YOUR ASSIGNMENT:
From the line that contains "Vestido de fiesta guipur color marfil. Zara" through the closing line of the entries, write out each line exactly; pictures stay out.

== == ==

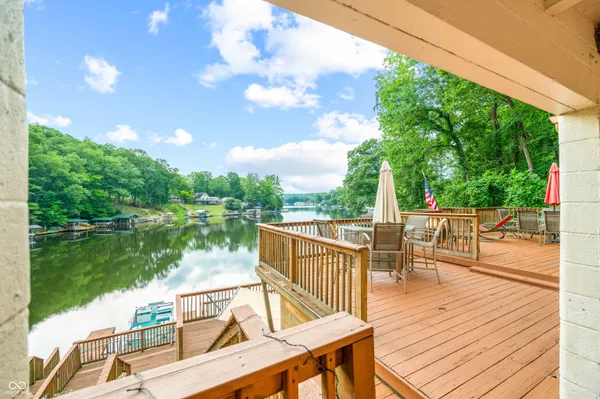 $399,900 | 409 West Lakeview Drive, Nineveh, IN 46164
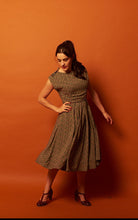 Load image into Gallery viewer, Leah Green Floral Dress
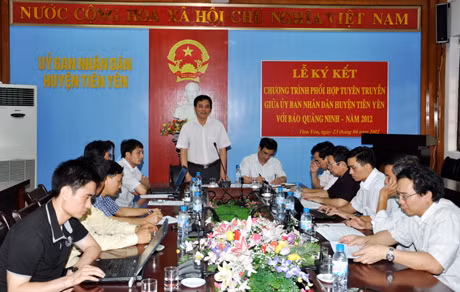 Đồng chí Nguyễn Tiến Mạnh, Tổng biên tập Báo Quảng Ninh phát biểu tại lễ ký kết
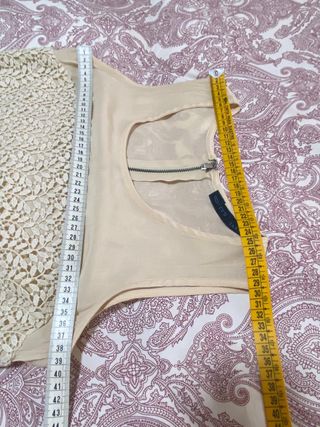 Vestido de fiesta guipur color marfil. Zara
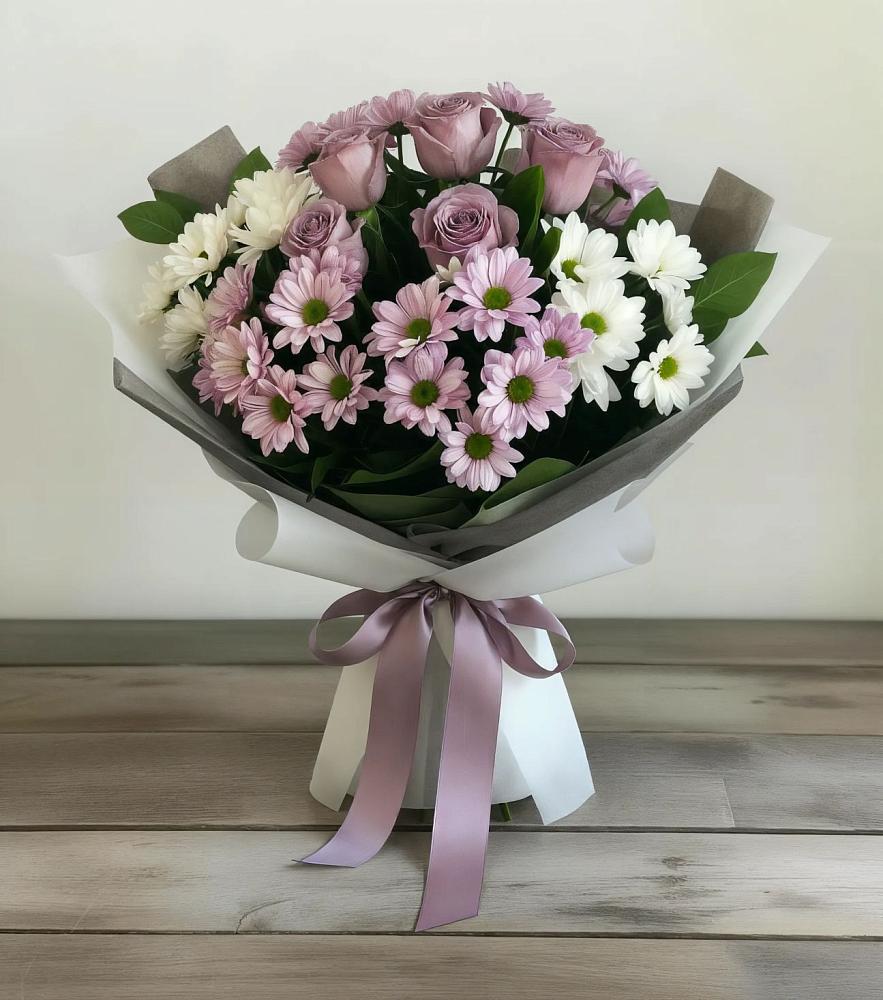 Букет цветов из: Хризантемы и Розы в Барнауле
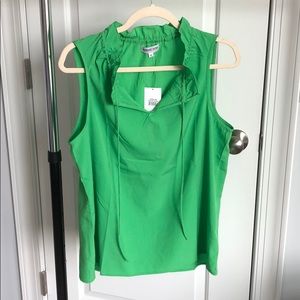 NWT Classic Kelly green sleeveless ruffle blouse!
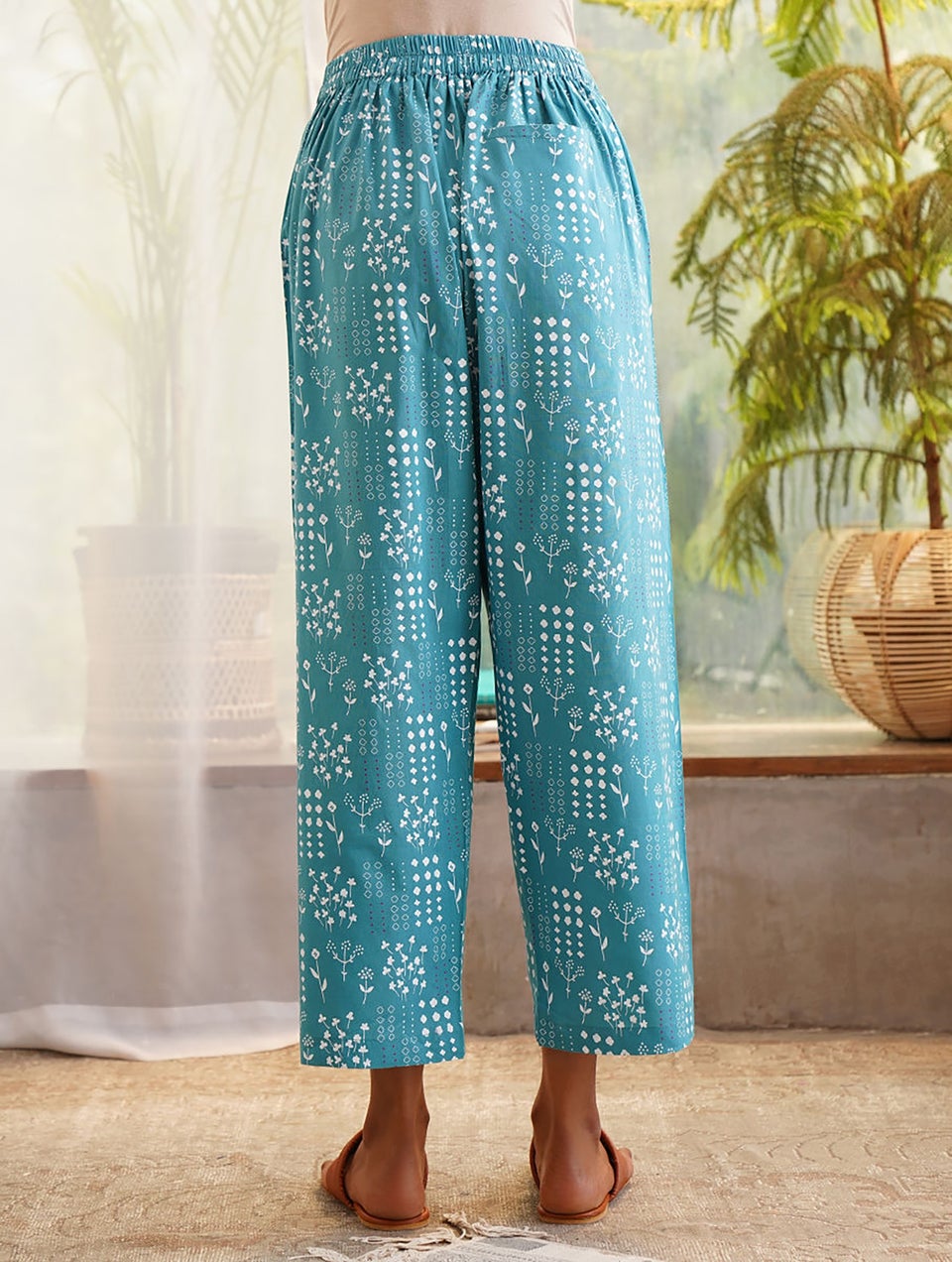 Women Teal Blue Cotton Printed Ankle Length Regular Fit Pant - XS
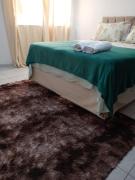 Kitnet 1 Block from the Beach in São Vicente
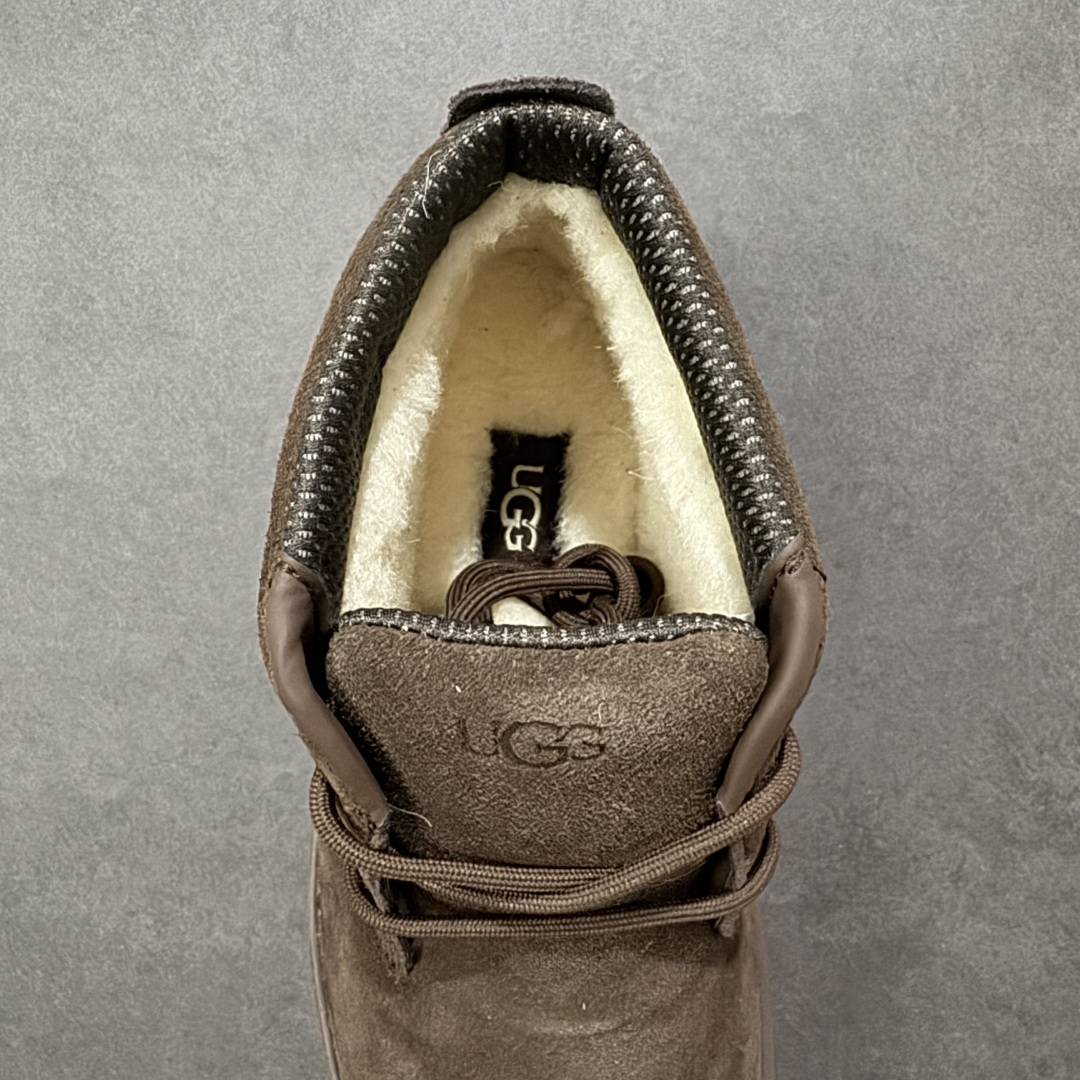 图片[7]-【SP顶级版】 平台外贸专供 UGG Burleigh Chukka 男士中帮雪地靴 1151773 原代工厂隆丰A级真羊毛皮一体完全遵循正平正品，精选A级羊皮毛一体材质，内里毛绒如云朵般包裹双脚，白带恒温属性一寒锁温抗冻，股季透气排湿，让双脚时刻处于干爽舒适的状态，轻量化设计搭配柔韧鞋底，每一步都似踩在软垫上，再加上贴合足型的弧度与足跟支撑，无论是居家休憩,外出通勤还是日常跑腿，全天行走也无负担。 从经典高筒靴到简约拖鞋，从基础中性色到潮流设计，既能与牛仔裤、卫衣打造随性日常，也能搭配裙子、男女同款更能轻松适配情侣穿搭。 优质羊皮毛天生耐磨损，搭配扎实工艺与防水科技加持，能抵御日常磨损与雨雪侵袭。一双穿数年仍能保持柔软质感💪🏻 尺码：39-45-选品中心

== == ==

EXPECTED ANSWER:
 Vestido de fiesta guipur color marfil. Zara
 Букет цветов из: Хризантемы и Розы в Барнауле
 NWT Classic Kelly green sleeveless ruffle blouse!
 Women Teal Blue Cotton Printed Ankle Length Regular Fit Pant - XS
 Kitnet 1 Block from the Beach in São Vicente
 图片[7]-【SP顶级版】 平台外贸专供 UGG Burleigh Chukka 男士中帮雪地靴 1151773 原代工厂隆丰A级真羊毛皮一体完全遵循正平正品，精选A级羊皮毛一体材质，内里毛绒如云朵般包裹双脚，白带恒温属性一寒锁温抗冻，股季透气排湿，让双脚时刻处于干爽舒适的状态，轻量化设计搭配柔韧鞋底，每一步都似踩在软垫上，再加上贴合足型的弧度与足跟支撑，无论是居家休憩,外出通勤还是日常跑腿，全天行走也无负担。 从经典高筒靴到简约拖鞋，从基础中性色到潮流设计，既能与牛仔裤、卫衣打造随性日常，也能搭配裙子、男女同款更能轻松适配情侣穿搭。 优质羊皮毛天生耐磨损，搭配扎实工艺与防水科技加持，能抵御日常磨损与雨雪侵袭。一双穿数年仍能保持柔软质感💪🏻 尺码：39-45-选品中心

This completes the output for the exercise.